The Monarch of the Glen, de Neil Gaiman
Legends II, ed. Robert Silverberg (2004)
Mais do que uma sequela curta àquele que terá sem dúvida sido um dos melhores livros de fantasia da última década, a novela The Monarch of the Glen funciona como um epílogo a American Gods - uma pequena história envolvendo Shadow durante a sua passagem pelas terras altas da Escócia, após todos os acontecimentos do romance principal. E o mais impressionante desta novela é o facto de Gaiman conseguir fazer um American Gods-lite, capturando quase na perfeição a estranheza e a dissonância da situação em que Shadow se encontra, quando lhe é oferecido um emprego apenas simples na aparência: servir de segurança numa festa misteriosa que terá lugar numa mansão remota junto do lago. O protagonista, uma vez mais, assume durante praticamente todo o texto um papel passivo, até ao momento em que a sua intervenção se torna inevitável (no caso, forçada) - mas Shadow já não é o homem que era no início do romance original, e o homem que os seus anfitriões imaginavam que ele fosse. Com a imaginação e a mestria habituais, Gaiman reúne uma galeria de criaturas fantásticas, onde monstros e homens se misturam e, mais do que isso, se confundem; e a sua prosa evocativa tece um enredo sobrenatural magnífico, uma passagem que serve em simultâneo de continuação directa e de reforço dos temas estabelecidos em American Gods.
É certo: The Monarch of the Glen não terá decerto satisfeito os leitores que esperavam encontrar, numa história pós-American Gods, um Shadow mais activo e dotado de uma personalidade com mais momentum.

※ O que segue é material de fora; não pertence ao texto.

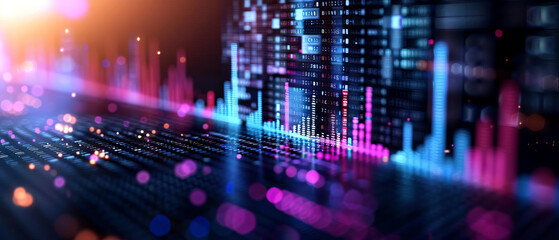 Futuristic digital music equalizer in 3D, 3D background music, vibrant and hightech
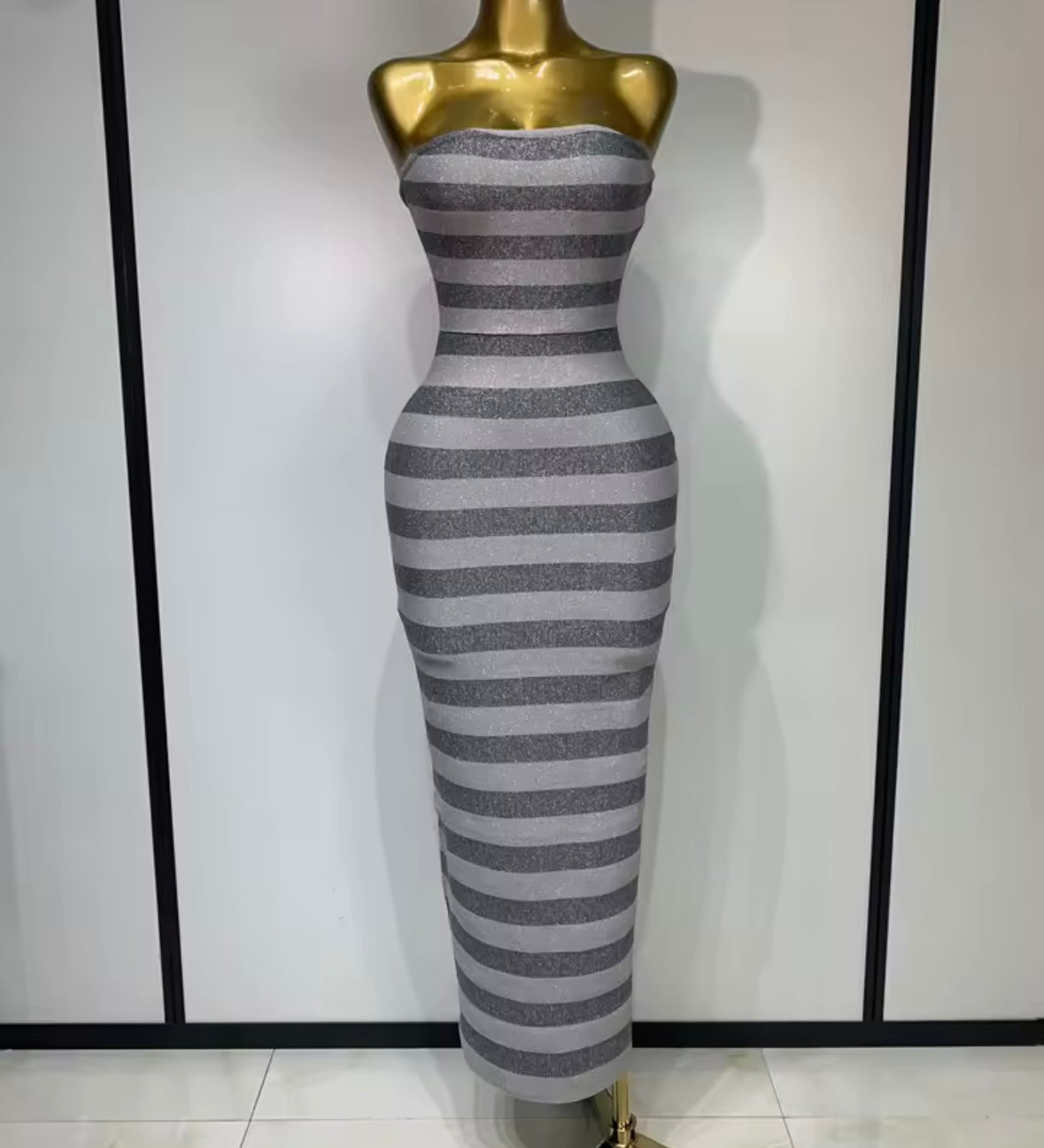 Gray Sexy Strapless Striped Bandage Floor-Length Dress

Mas Shadow - aliás, Balder Moon, o seu verdadeiro nome e mais uma alusão ao panteão escandinavo - não é uma personagem que, por si, faça a história mover-se; ele é, sim, o ponto central da narrativa, para onde convergem todos os seus elementos constituintes. E é o seu olhar expectante e a sua curiosidade tranquila (nem todos os heróis literários têm de ser detectives - até aqui se nota a desconstrução de Gaiman) que torna as várias personagens mais verosímeis, independentemente das suas origens ficcionais ou mitológicas, e toda a situação mais bizarra.
A Separate War, de Joe Haldeman
Far Horizons, ed. Robert Silverberg (1998)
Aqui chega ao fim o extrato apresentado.